Regarding your 4rth point I got the same impression after reading the user guide, but then I saw your reply to one person who was trying to use normalized counts from EDASeq as input to edgeR and you did not give that person a warning:
problem with aveLogCPM.default in edgeR
In EDASeq when the dataframe contain normalized and raw counts with the offset values then exprs() function gives normalized counts instead of the raw counts as far as I checked on my data. So that is why I wanted to confirm it finally.
Yes, you have jumped to some incorrect conclusions from what is said in the edgeR documentation. The internal computation of conditional likelihood does use equal library sizes, but this is just for mathematical convenience and computational speed.
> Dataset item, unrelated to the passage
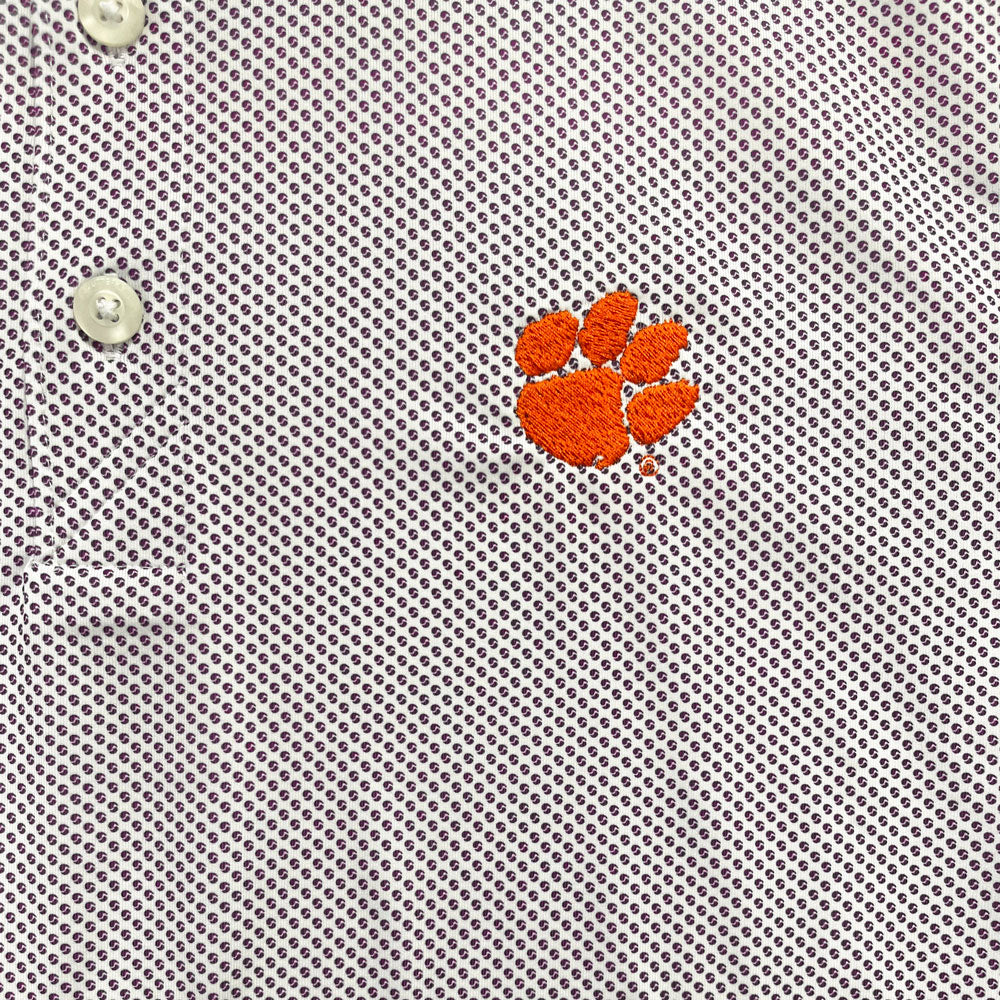 Clemson Cutter & Buck Pike Eco Symmetry Polo - PURPLE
The user-level edgeR functions themselves do not make this assumption (because they do the necessary equalization internally). I am the senior author of the estimateCommonDisp and estimateTagwiseDisp functions and I wrote the section of the User's Guide that you are quoting, so it might be constructive to assume that I am telling you the truth.
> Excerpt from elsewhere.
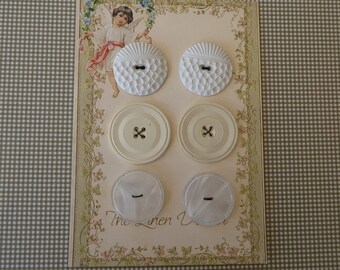 Six vintage white and cream art deco buttons, large buttons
Regarding the earlier post that you give a link to, I advised the questioner to pass an offset matrix from EDASeq to edgeR, which is the same advice I am giving to you. I did not give any warning about "normalized counts" because I assumed that EDAseq was normalizing by offset and not changing the counts themselves.
Perhaps I should clarify that EDASeq returns *both* an offset, to be used in supervised problems, i.e., differential expression, by for instance passing it on to edgeR, *and* the normalized counts to be used for visualization / unsupervised problems. The functions counts() and normCounts() can be used to access the original and normalized counts, respectively (see help of SeqExpressionSet-class). The use of "exps()" is deprecated in EDASeq.